### Data provided
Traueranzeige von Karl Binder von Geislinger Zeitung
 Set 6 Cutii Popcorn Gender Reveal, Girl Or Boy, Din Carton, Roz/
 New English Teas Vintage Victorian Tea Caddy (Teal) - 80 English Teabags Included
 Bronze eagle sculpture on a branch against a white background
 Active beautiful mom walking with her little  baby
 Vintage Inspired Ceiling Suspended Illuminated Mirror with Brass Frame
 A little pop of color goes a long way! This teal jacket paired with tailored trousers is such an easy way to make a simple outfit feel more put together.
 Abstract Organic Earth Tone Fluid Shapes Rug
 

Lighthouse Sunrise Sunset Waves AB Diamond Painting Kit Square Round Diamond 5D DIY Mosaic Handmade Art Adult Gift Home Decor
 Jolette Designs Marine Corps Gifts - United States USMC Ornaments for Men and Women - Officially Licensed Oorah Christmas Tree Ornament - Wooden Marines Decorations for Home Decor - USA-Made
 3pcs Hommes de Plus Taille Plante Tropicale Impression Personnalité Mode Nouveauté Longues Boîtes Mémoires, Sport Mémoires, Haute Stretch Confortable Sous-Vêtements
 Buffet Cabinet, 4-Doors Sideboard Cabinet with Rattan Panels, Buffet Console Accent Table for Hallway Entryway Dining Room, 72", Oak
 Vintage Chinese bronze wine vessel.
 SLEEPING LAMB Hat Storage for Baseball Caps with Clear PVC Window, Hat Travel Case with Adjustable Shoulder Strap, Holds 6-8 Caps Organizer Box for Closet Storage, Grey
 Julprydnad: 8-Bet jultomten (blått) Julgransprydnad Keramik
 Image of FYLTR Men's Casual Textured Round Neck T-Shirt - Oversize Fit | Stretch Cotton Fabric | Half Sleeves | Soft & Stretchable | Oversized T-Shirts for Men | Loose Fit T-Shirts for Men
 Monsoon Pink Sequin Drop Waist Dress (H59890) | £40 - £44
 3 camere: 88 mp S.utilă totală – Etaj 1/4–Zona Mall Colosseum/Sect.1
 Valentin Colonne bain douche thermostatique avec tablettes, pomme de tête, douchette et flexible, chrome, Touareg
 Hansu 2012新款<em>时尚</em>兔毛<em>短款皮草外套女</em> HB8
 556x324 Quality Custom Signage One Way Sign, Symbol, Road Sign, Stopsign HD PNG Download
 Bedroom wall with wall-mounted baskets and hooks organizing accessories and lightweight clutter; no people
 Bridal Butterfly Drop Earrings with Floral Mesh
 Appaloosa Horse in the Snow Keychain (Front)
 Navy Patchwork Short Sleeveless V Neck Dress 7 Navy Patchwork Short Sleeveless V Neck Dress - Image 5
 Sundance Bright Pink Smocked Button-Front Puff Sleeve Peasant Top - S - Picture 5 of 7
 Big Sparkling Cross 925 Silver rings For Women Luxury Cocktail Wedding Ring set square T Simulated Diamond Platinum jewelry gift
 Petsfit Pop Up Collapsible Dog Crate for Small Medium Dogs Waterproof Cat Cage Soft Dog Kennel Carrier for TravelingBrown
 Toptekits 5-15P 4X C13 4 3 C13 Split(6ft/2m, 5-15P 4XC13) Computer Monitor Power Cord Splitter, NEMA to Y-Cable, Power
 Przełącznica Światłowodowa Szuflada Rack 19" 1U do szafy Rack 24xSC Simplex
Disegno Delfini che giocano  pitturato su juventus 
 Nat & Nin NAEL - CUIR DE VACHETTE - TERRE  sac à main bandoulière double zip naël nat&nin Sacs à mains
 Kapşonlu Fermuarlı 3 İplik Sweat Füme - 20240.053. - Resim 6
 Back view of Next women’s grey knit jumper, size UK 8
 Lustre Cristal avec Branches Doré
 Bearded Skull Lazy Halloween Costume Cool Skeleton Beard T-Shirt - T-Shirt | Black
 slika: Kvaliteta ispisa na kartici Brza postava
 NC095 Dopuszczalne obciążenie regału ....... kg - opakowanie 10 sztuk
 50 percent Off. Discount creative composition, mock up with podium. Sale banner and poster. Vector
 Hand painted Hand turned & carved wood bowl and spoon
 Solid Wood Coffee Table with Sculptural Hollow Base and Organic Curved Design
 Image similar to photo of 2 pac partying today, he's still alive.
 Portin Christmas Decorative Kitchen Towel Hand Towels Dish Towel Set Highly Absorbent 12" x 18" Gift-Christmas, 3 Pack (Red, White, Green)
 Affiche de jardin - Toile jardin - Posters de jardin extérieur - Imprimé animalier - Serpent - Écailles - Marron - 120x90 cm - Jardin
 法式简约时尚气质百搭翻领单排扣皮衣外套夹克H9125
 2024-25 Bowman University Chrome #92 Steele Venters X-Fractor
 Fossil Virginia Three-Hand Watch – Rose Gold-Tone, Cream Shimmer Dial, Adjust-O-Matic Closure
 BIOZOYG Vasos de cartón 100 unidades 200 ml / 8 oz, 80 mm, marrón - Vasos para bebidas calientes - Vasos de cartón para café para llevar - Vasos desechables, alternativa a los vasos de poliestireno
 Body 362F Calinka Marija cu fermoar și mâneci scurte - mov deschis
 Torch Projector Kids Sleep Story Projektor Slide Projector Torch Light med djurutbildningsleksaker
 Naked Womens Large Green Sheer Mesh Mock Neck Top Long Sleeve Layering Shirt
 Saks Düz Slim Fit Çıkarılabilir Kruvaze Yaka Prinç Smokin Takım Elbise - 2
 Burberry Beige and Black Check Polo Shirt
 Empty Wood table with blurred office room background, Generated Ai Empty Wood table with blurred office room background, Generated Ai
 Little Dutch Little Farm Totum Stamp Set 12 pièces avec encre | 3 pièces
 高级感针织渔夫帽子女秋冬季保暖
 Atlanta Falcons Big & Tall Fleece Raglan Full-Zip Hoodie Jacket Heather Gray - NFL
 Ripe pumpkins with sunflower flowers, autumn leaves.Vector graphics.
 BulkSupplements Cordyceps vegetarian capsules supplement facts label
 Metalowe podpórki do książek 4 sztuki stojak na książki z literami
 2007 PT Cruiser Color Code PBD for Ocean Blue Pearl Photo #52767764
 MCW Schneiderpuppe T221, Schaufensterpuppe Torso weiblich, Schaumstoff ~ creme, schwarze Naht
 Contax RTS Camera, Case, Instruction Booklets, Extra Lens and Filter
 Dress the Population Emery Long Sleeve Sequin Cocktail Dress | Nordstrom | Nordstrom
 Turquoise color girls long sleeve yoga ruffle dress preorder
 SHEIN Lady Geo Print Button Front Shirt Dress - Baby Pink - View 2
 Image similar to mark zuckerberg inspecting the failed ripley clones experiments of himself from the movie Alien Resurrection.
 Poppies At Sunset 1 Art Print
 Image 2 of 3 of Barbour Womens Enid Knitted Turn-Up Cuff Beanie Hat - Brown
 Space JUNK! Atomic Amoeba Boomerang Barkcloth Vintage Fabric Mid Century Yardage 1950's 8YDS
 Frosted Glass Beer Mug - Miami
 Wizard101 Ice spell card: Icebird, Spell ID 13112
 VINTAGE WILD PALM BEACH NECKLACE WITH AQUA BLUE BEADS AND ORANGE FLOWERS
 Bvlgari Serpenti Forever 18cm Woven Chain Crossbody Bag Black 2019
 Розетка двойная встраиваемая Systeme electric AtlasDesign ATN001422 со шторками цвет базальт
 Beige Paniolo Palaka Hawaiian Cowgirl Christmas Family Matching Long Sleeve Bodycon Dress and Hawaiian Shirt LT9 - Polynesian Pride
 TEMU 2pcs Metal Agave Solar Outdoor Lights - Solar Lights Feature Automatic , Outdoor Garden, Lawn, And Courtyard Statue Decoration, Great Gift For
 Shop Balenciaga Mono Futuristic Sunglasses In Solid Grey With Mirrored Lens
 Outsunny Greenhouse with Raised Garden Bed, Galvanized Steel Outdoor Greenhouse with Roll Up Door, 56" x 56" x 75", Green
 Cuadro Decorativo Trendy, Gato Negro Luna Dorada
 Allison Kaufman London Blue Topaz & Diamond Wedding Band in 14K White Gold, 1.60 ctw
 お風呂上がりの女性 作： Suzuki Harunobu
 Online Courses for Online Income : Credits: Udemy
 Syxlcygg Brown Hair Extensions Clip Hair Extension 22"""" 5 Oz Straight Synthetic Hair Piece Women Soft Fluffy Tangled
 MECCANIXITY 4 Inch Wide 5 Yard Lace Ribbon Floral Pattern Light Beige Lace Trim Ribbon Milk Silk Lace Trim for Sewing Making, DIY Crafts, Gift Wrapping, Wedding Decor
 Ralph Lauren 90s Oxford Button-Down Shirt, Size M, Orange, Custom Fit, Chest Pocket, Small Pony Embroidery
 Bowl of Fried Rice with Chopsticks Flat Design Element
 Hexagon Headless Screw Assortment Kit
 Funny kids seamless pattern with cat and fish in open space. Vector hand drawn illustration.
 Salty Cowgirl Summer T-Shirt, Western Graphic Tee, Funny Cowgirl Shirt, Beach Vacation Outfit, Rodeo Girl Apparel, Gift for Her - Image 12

### Prompt
Reproduce exactly the entries above, limited to the lines from the one with "Sundance Bright Pink" through the one with "法式简约时尚气质百搭翻领单排扣皮衣外套夹克H9125", both included.

### Task response
 Sundance Bright Pink Smocked Button-Front Puff Sleeve Peasant Top - S - Picture 5 of 7
 Big Sparkling Cross 925 Silver rings For Women Luxury Cocktail Wedding Ring set square T Simulated Diamond Platinum jewelry gift
 Petsfit Pop Up Collapsible Dog Crate for Small Medium Dogs Waterproof Cat Cage Soft Dog Kennel Carrier for TravelingBrown
 Toptekits 5-15P 4X C13 4 3 C13 Split(6ft/2m, 5-15P 4XC13) Computer Monitor Power Cord Splitter, NEMA to Y-Cable, Power
 Przełącznica Światłowodowa Szuflada Rack 19" 1U do szafy Rack 24xSC Simplex
Disegno Delfini che giocano  pitturato su juventus 
 Nat & Nin NAEL - CUIR DE VACHETTE - TERRE  sac à main bandoulière double zip naël nat&nin Sacs à mains
 Kapşonlu Fermuarlı 3 İplik Sweat Füme - 20240.053. - Resim 6
 Back view of Next women’s grey knit jumper, size UK 8
 Lustre Cristal avec Branches Doré
 Bearded Skull Lazy Halloween Costume Cool Skeleton Beard T-Shirt - T-Shirt | Black
 slika: Kvaliteta ispisa na kartici Brza postava
 NC095 Dopuszczalne obciążenie regału ....... kg - opakowanie 10 sztuk
 50 percent Off. Discount creative composition, mock up with podium. Sale banner and poster. Vector
 Hand painted Hand turned & carved wood bowl and spoon
 Solid Wood Coffee Table with Sculptural Hollow Base and Organic Curved Design
 Image similar to photo of 2 pac partying today, he's still alive.
 Portin Christmas Decorative Kitchen Towel Hand Towels Dish Towel Set Highly Absorbent 12" x 18" Gift-Christmas, 3 Pack (Red, White, Green)
 Affiche de jardin - Toile jardin - Posters de jardin extérieur - Imprimé animalier - Serpent - Écailles - Marron - 120x90 cm - Jardin
 法式简约时尚气质百搭翻领单排扣皮衣外套夹克H9125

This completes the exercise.